USBIC believes that the basis for efforts to repeal indexing,
and resistance to the idea of extending indexing to capital gains,
is an unwillingness to accept fiscal discipline by the Congress.

Indexing is a means to ensure that real tax revenues are consistent with real economic growth. To the extent that nominal capital gains represent simple inflation in asset values, no additional real capital is created and taxation of those gains erodes our capital base. We must index the basis of productive assets so that the inflation component will not be subject to tax.

If revenues to the U.S. Treasury are restricted to the actual growth in the nation's economy, rather than the fictional growth attributable to inflation, the beneficiaries of inflation, Congress and the carnival of special interests tied to entitlements and other largesse, would become accountable to the tax payer once again. It is no wonder that the opponents of indexing resort to the red herring of larger budget deficits between 1985-1988. (claims have been made of an additional $90 billion in the deficit for this period if indexing goes into effect)

Doomsday talk of higher and higher deficits is the first tactic of the tax-and-spend advocate.

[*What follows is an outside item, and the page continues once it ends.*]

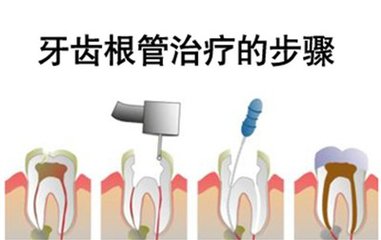 根管治療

Big deficits will indeed be a serious problem for the U.S. economy for at least the rest of this decade, but deficits happen not because the government fails to collect sufficient revenue, but because it continues to spend too much.

Even at that, deficits are directly related to economic growth. We have just seen our economy grow at a rate of 8.7% for the second quarter of 1983, the strongest pace since the 1st quarter of 1981. The Office of Management & Budget has lowered its projections of the deficit for fiscal 1984, from $190.2 billion to $179.7 billion, as well as for the out-years through 1988.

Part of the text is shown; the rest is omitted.